Edward Nicolae Luttwak (Arad, 4 novembre 1942) è un economista, politologo e saggista romeno naturalizzato statunitense, conosciuto per le sue pubblicazioni sulla strategia militare e politica estera, esperto di politica internazionale e consulente strategico del Governo degli Stati Uniti d'America.

Luttwak è nato ad Arad in Romania da una famiglia ebraica che dopo la seconda guerra mondiale si rifugiò in Italia per scappare dai sovietici.[1] Durante la sua infanzia Luttwak ha vissuto a Palermo e poi a Milano. Per questo ha mantenuto per l'Italia un interesse e un'attenzione costanti, pur diventando un esperto di geopolitica di fama internazionale.[2] Ha frequentato in seguito il Carmel College nel Regno Unito per un breve periodo[3]. Inoltre ha studiato nella London School of Economics and Political Science e all'Università Johns Hopkins di Baltimora dove ha conseguito un dottorato in economia.

Il suo primo incarico è stato quello di professore all'Università di Bath; nel 2004 è diventato un consulente al Centro Internazionale per gli Studi Strategici a Washington. Ha ottenuto il ruolo di consulente all'Ufficio del Ministero della difesa, il National Security Council e al Dipartimento di Stato statunitense. È membro del National Security Study Group del Dipartimento della Difesa statunitense fa parte dell'Istituto delle Politiche Fiscali e Monetarie che fa capo al Ministero del Tesoro. È membro, inoltre, della Fondazione Italia USA, del comitato editoriale del periodico francese Geopolitique, delle riviste inglesi Journal of Strategic Studies e del Washington Quarterly. In Italia compare di frequente alla televisione e partecipa a numerosi seminari. Insieme a Susanna Creperio Verratti è anche autore di due libri: Che cos'è davvero la democrazia (1996) e Il libro delle libertà (2000).

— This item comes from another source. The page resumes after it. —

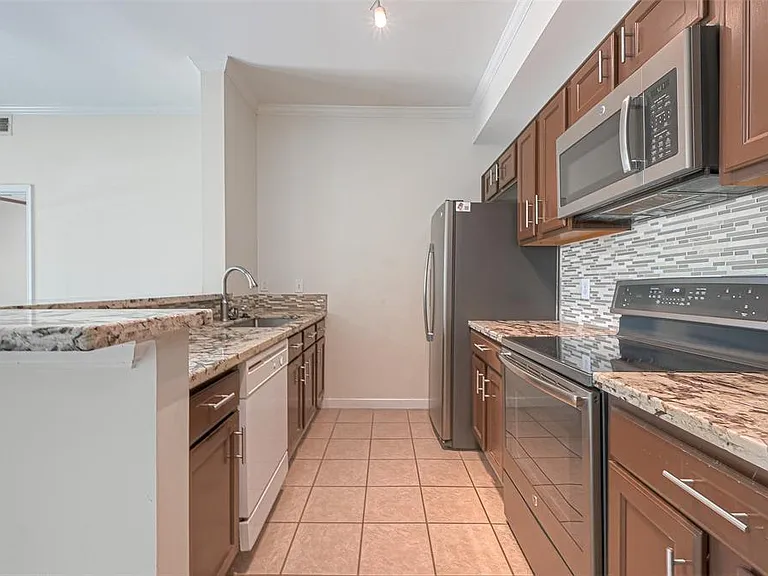 4515 Briar Hollow Pl #305 — Photo 6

È noto per l'atteggiamento duro e provocatorio, ben esemplificato dal saggio Give war a chance, nel quale suggerisce l'inutilità delle missioni di pace e delle attività umanitarie delle organizzazioni non governative, poiché queste faciliterebbero il riarmo della fazione più debole. La sua opera più conosciuta è il libro Strategia del colpo di Stato. Manuale pratico (Coup d'État: A Practical Handbook), tradotta in 14 lingue.

La grande strategia dell'impero romano ha provocato varie discussioni tra gli storici. Luttwak è talvolta visto come un dilettante e non come uno specialista della materia, ma il suo libro ha dato origine a molte domande e formato un'intera corrente d'opinione tra gli studiosi riguardo ai rapporti tra esercito romano e barbari alla frontiera. Luttwak si chiede semplicemente: "Come facevano i Romani a proteggere le proprie frontiere?", una domanda che secondo lui ha finito per essere trascurata nella confusione di teorie demografiche, economiche e sociologiche. Sebbene la maggior parte degli esperti rifiuti il suo punto di vista sulla "strategia" romana, il suo libro pubblicato nel 1976 si è rivelato utilissimo per alimentare il dibattito.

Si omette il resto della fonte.